6 December 2018 (Beirut) – The International Air Transport Association (IATA) and the Directorate General of Civil Aviation of Lebanon (DGCA Lebanon) signed a Memorandum of Understanding (MoU) to work together to enhance aviation safety in Lebanon and move towards achieving a single set of internationally-recognized audit standards across the Middle East.
Under the terms of the MoU DGCA will recognize IOSA (IATA Operational Safety Audit) and ISAGO (IATA Safety Audit for Ground Operations) as an acceptable means of compliance with DGCA regulations to complement their safety oversight function.
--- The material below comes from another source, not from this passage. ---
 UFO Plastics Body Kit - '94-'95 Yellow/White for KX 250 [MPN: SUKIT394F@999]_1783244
DGCA is the third regulator in the Middle East, after the Bahrain Civil Aviation Authority and Egypt Civil Aviation Authority to recognize IOSA while Bahrain and Lebanon recognize both IOSA and ISAGO.
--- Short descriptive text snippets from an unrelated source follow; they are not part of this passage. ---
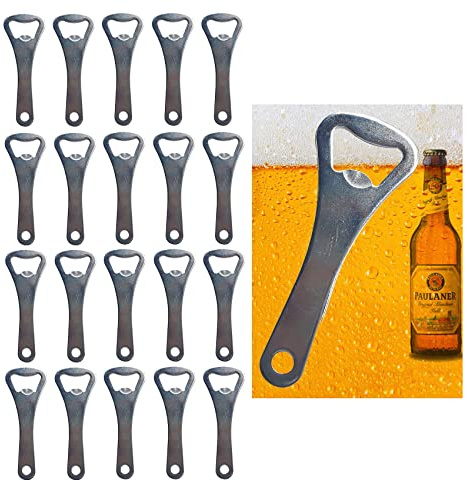 Bottle Opener Bulk,20 Pieces 3.6'' Stainless Steel Beer Bottle Opener Keychain Wholesale for Bar, Restaurant,Bartender and Kitchen(Silver)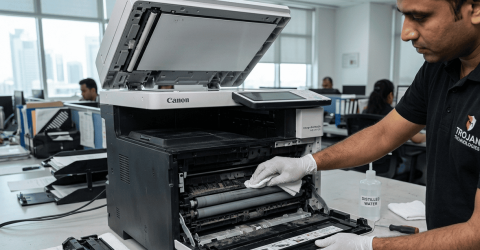 Person cleaning printer rollers carefully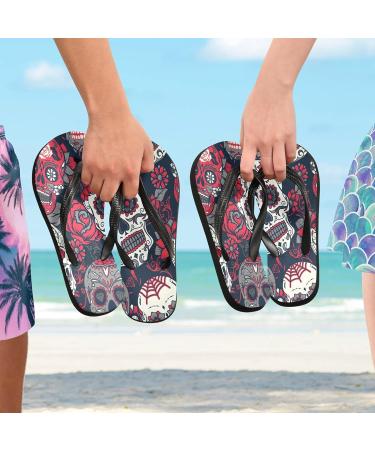 Mnsruu Skull Flip Flops - Red Floral Small Multicolor | Stylish & Unique International Shipping - Buy Online on GoSupps.com
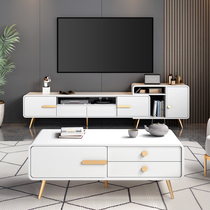 Light luxury TV cabinet simple modern living room Italian telescopic floor cabinet economical Nordic TV cabinet coffee table combination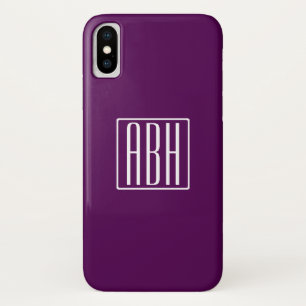 Initials Monogram   White On Deep Purple iPhone X Case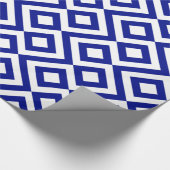 Blauwe en witte kazen cadeaupapier (Hoek)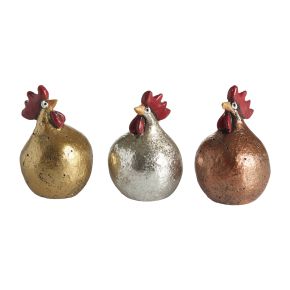 Nääsgränsgården Osterhühner metallic Höhe 5,2 cm 3er Set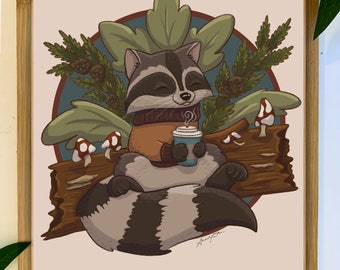 Coffee To Go Print | Coffee Print | Cute Raccoon Illustration | Coffee Bar Decor | Raccoon Print |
“The DGCA Lebanon is committed to improving aviation safety. Recognizing IOSA and ISAGO as an acceptable means of compliance is an important step toward achieving a single international set of audit standards across the region that will make flying safer,” said Mr. Mohamad Chehabeddine, Director General of Civil Aviation DGCA.
“This MoU is a major step forward in harmonizing audit standards, paving the way towards the achievement of a common regional aviation institutional framework,” added Dr. Omar Kaddouha, Director Flight Safety.
IOSA is the global benchmark for airline operational safety management. In 2017 the all accident rate for airlines on the IOSA registry was nearly four times better than that of non-IOSA airlines (0.56 vs. 2.17 accidents per million flights). This trend carries through to the Middle East/North Africa region, where airlines on the IOSA registry experienced zero accidents in 2017, compared to a rate of 2.26 accidents per million flights for airlines not on the IOSA registry. ISAGO is the global benchmark for ground handling operating standards.
“Safety is the industry’s top priority. Global standards are the key. We congratulate the DGCA Lebanon for their leadership in helping promote a single set of global safety standards and hope that other regulators in the Middle East take similar actions,” said Muhammad Albakri, IATA’s Regional Vice President for Africa and Middle East.